Image-text web data:

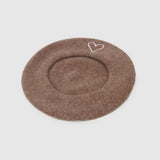 HEART EMBROIDERED FASHION COMMUTER BERET_CWAH1944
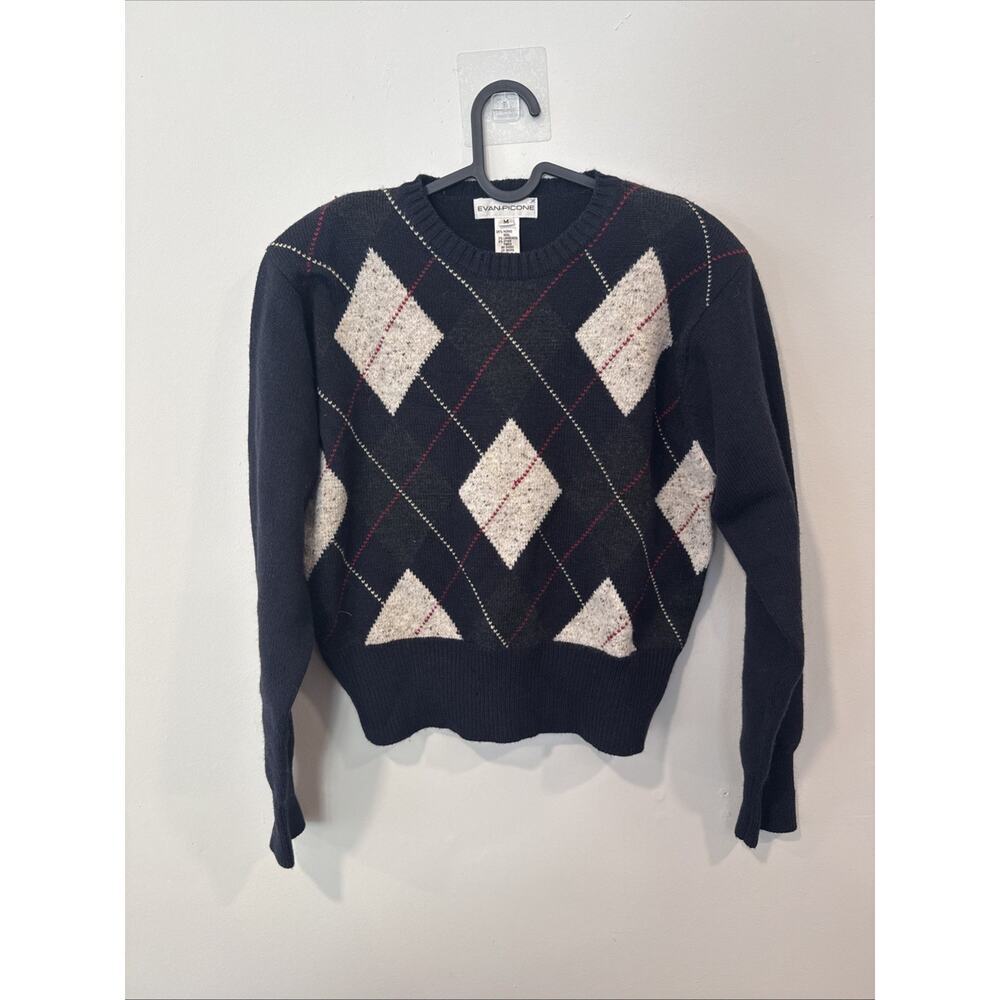 Evan Picone Merino Wool Sweater Shoulder Padded Medium Grandpacore 2258
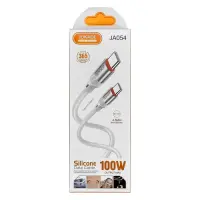 Кабель Jokade USB JA054 FC Type-C to Type-C 100W Silicone белый                                     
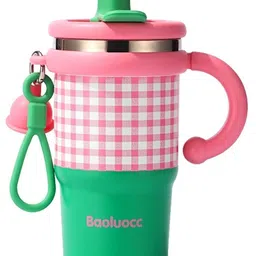 Little Surprise Box Checkered Premium Stainless Steel Insulated Tumbler Green & Pink - 550ml-picture-25
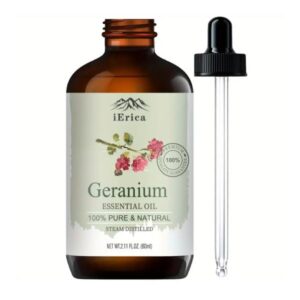 Geranium Essential Oil in a 2.11fl.oz bottle on a natural backdrop.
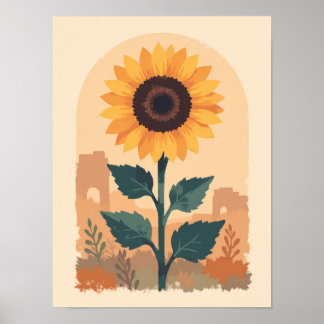 Minimalistisk solros i Boho Poster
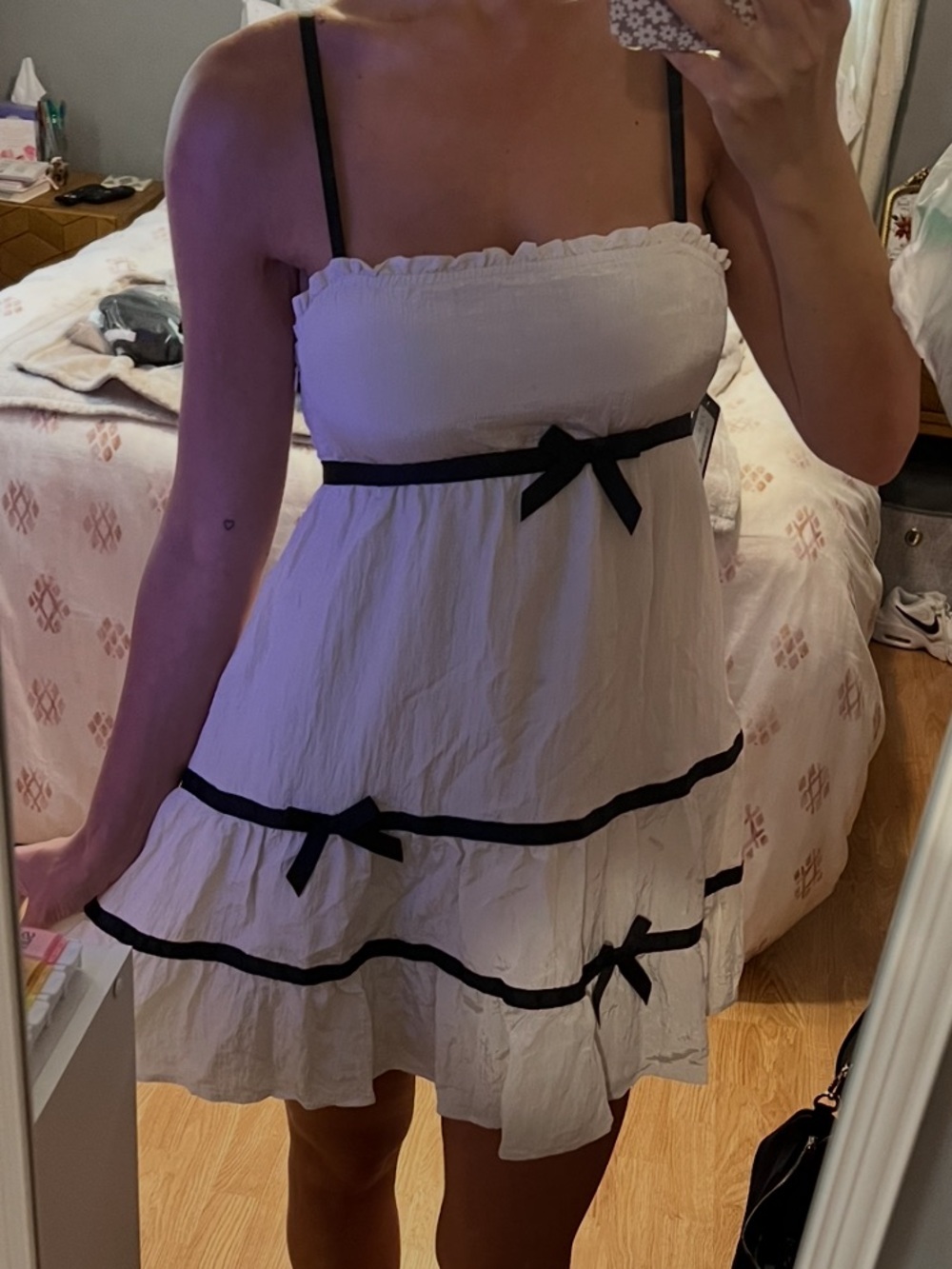 NWOT Cream Mini Dress with Black Trim and Bow Details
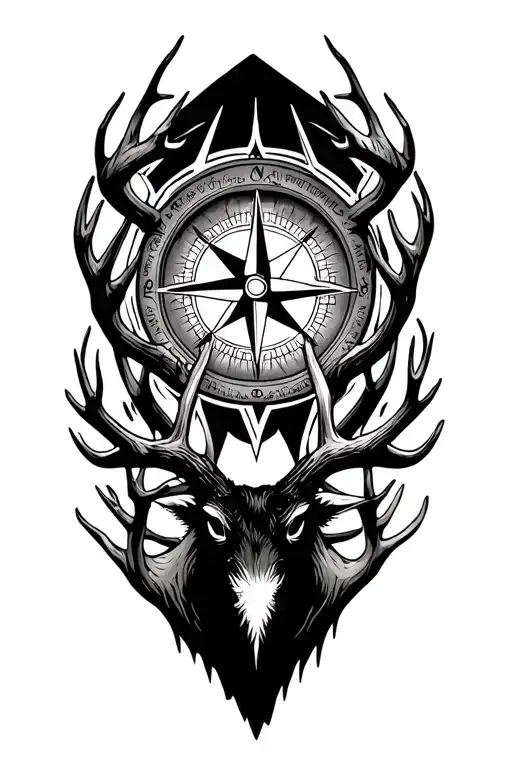 detailed compass rose surrounded by deer antlers tattoo design idea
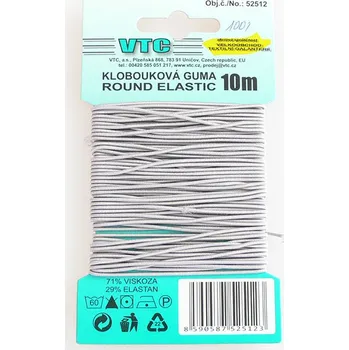 Textilní guma Klobouková guma 1,2mm 10m - 1001 - světle šedá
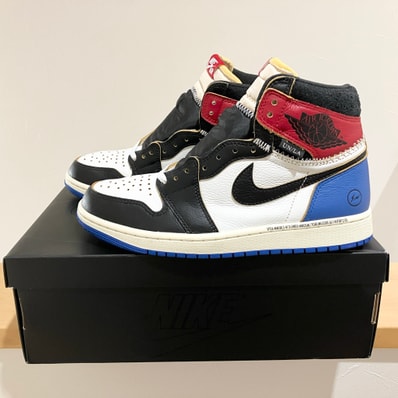 fragment design × UNION × Nike Air Jordan 1 High OG "Black/Varsity Red"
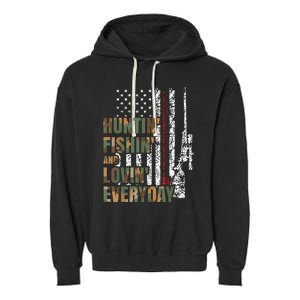 Hunting Fishing Loving Everyday American Deer Hunter Patriot Garment-Dyed Fleece Hoodie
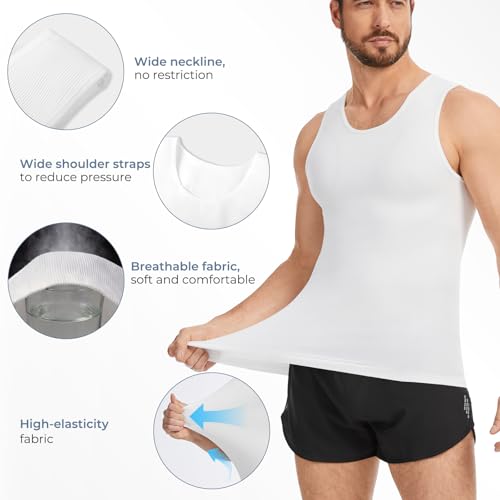 Sleeveless Compression Shirt Men Slimming Body Shaper Vest Mens Compression Tank Top Undershirt Shapewear Tummy Control - color: White+white, size: XX-Large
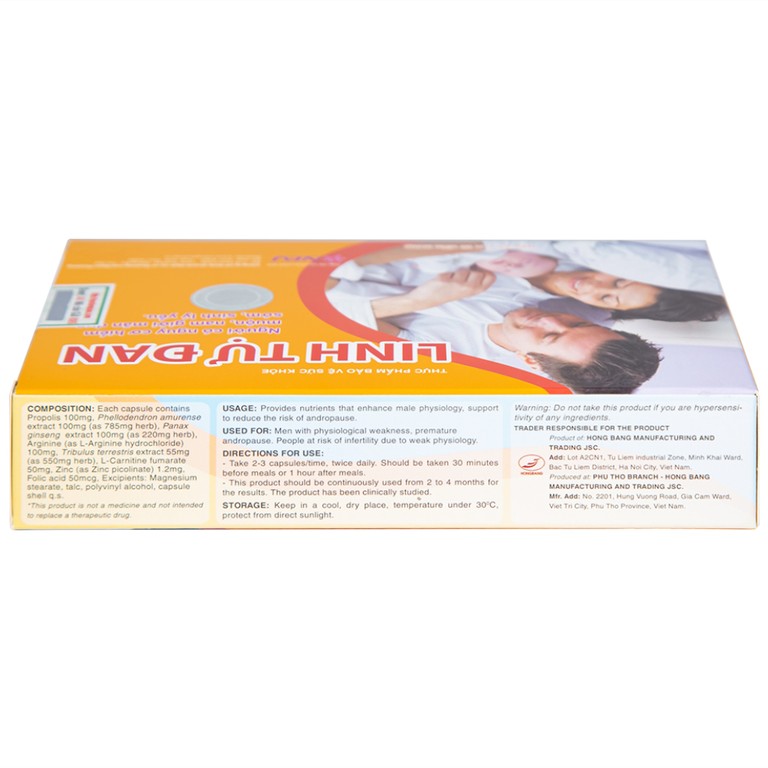 Viên uống Linh Tự Đan Hồng Bàng giúp tăng cường sinh lý nam, hỗ trợ giảm nguy cơ mãn dục nam (3 vỉ x 10 viên)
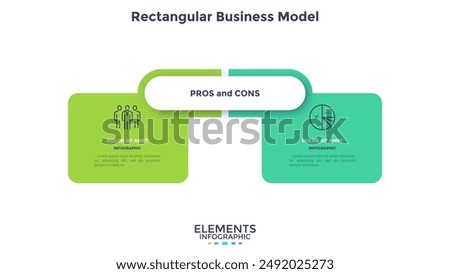 Rectangular comparison diagram divided into 2 parts. Concept of business model with two options to choose or select. Modern flat infographic vector illustration for data visualization, presentation.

Work to be completed => Using the data above, which lines fall from the one with "Textilní guma Klobouková" through the one with "Viên uống Linh"? Repeat them exactly, ends included, minus any pictures.

Solution below =>
 Textilní guma Klobouková guma 1,2mm 10m - 1001 - světle šedá
 fragment design × UNION × Nike Air Jordan 1 High OG "Black/Varsity Red"
 Hunting Fishing Loving Everyday American Deer Hunter Patriot Garment-Dyed Fleece Hoodie
 Sleeveless Compression Shirt Men Slimming Body Shaper Vest Mens Compression Tank Top Undershirt Shapewear Tummy Control - color: White+white, size: XX-Large
 Viên uống Linh Tự Đan Hồng Bàng giúp tăng cường sinh lý nam, hỗ trợ giảm nguy cơ mãn dục nam (3 vỉ x 10 viên)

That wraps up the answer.